For Large sequence alignments 10,000s of sequences the PCA calculation seems to require a lot of memory but is not particularly CPU intensive and takes a number of days. I was wondering if there is a practical limit to the number of sequences for which a PCA can be calculated in Jalview? I was wondering if there is anyway to estimate the length of time the calculation could take?
Adrian
Hi Adrian.
You are absolutely correct that Jalview’s PCA calculation is quite inefficient. We haven’t really been focused on making it more memory efficient or faster because we always planned replace the in-app calculation with a web service, which is something we can now do more easily with the launch of slivka.
It would certainly be possible to perform some benchmarking - I would expect Jalview’s calculation to be fairly predictable in its performance barring issues due to the JVM’s garbage collector. When @morellthomas added PaSiMap they also implemented a progress bar/estimator which we could look at improving.
Please get in contact direct via my Dundee email if you’d like to explore other options..!
Jim
I got a chance to benchmark my problem (650 columns * sequences) and model the length of time the calculation took to perform a basic PCA on a windows 11 computer. As the calculation is not CPU intensive the length of time to take the calculation is probably informative.

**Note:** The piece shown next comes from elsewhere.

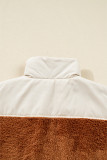 Chestnut Color Block Plush Patchwork Zipper Stand Neck Vest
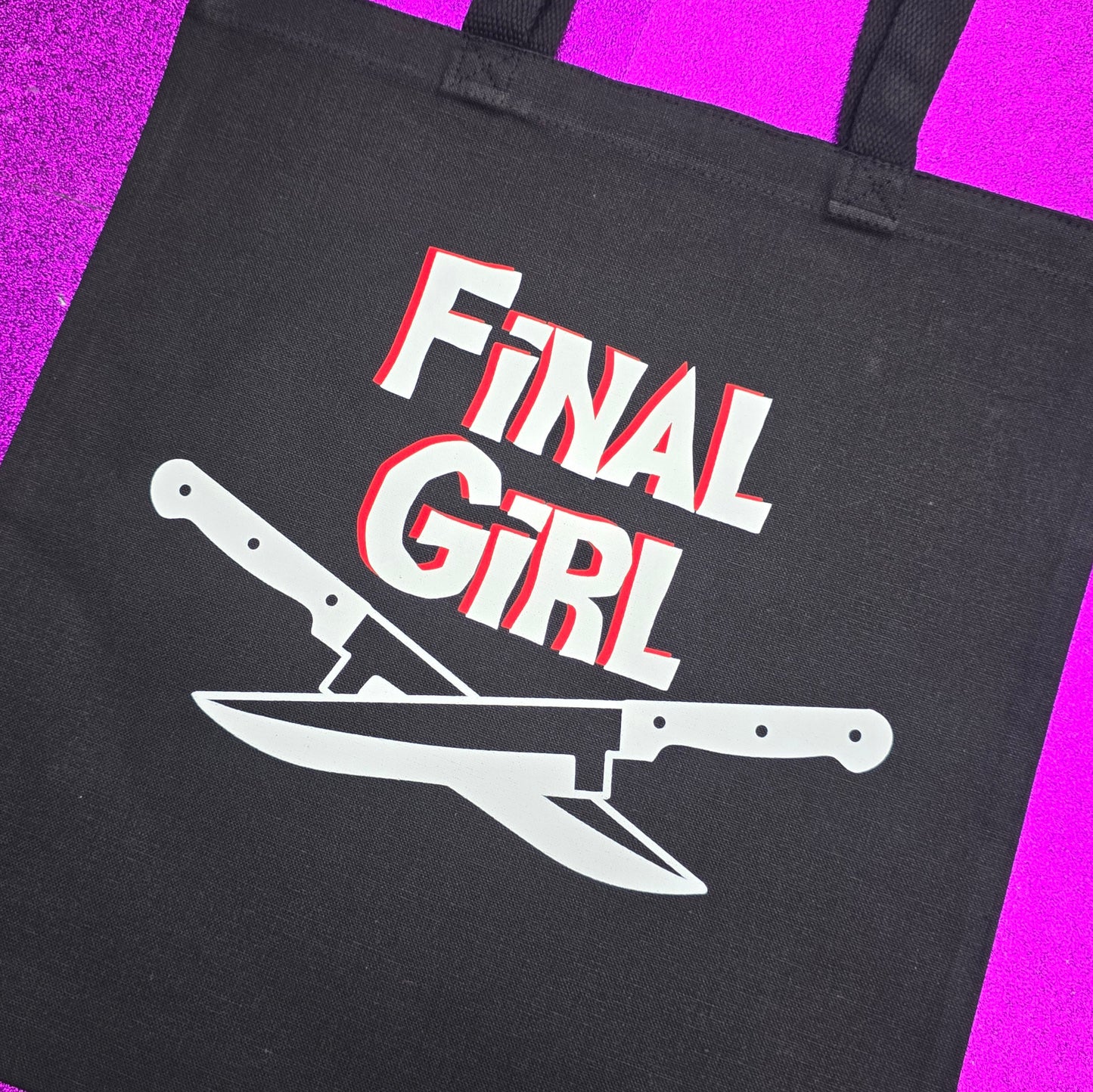 Final Girl Tote Bag Black Cotton Reusable Shopping Bag 15"x16" Horror Goth Spooky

Time in seconds = 1.47668496473e-8 * sequences ^ 3.08800867902526
So time is proportional to the cube of the number of sequences. This table gives an idea how this plays out.
| Time |
Sequences |
|
|
| 1 minute |
1300 |
|
|
| 1 hour |
4900 |
|
|
| 1/2 day |
10900 |
|
|
| 1 days |
13600 |
|
|
| 1 week |
25600 |
|
|
| 2 weeks |
32000 |
|
|
| 1 month (30 days) |
41000 |
|
|
| 2 months (60 days) |
51,300 |
|
|
In terms of memory for 30,000 sequences (the largest PCA tried) the calculation used up to 27GB but about a week into the calculation it used for a relatively short amount of time 38GB which would result in an out of memory error for 32GB machines.
So summing up, the limit to PCA size of calculation with Jalview is time (predictable) and peak memory usage (not easy to predict) .